Jonathan Franks, the spokesperson for the campaign, said in a statement Wednesday that "so far, the Campaign has not received a reply."
There has been growing frustration among the families of those of wrongful detainees abroad who feel that the Biden administration is not doing enough to secure their loved ones' releases. In recent weeks, several of those detainees themselves have appealed directly to Biden to try to get him to do more.
Paul Whelan, who is also detained in Russia, said in a statement on Monday, "As the United States celebrates Independence Day, American citizens held hostage throughout the world are reminded that freedom is not free."
Elizabeth Whelan, Paul Whelan's brother, said she is furious that Biden has still not spoken with her family.

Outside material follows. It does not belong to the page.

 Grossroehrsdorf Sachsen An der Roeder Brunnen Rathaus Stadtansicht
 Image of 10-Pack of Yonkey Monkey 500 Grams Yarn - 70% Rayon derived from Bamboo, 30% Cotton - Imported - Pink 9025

"I want Brittney home as much as anybody else does. But why is Paul not getting the same type of level of attention? Why are the Whelans not getting a call? Why is Paul not going to have a letter written by the President? (Paul's) made plenty of statements to the President," she told CNN. "I'm really angry. I'm really angry."
"If you want to undermine the Whelan family trust even more than it has been -- bravo. Mission accomplished," she added.
Last week, Siamak Namazi, who has been jailed in Iran since 2015, had an opinion piece published in The New York Times, writing, "I am compelled to break that silence now because I believe that the Biden administration's approach to rescuing Americans in distress in Iran has failed spectacularly so far and unless the president intervenes immediately, we are likely to languish in this abyss for the foreseeable future."
Franks noted that "when wrongfully detained Americans communicate publicly from behind bars, they risk being punished for doing so which makes their courage all the more remarkable."
"That our constituent families' loved ones felt the need to write these open communications to President Biden speaks to the extent to which many hostage families feel let down, left behind, and often ghosted by decision makers in the West Wing. When families do receive 'replies' they are often perfunctory and non-responsive," he said in the statement.
This story has been updated with additional information.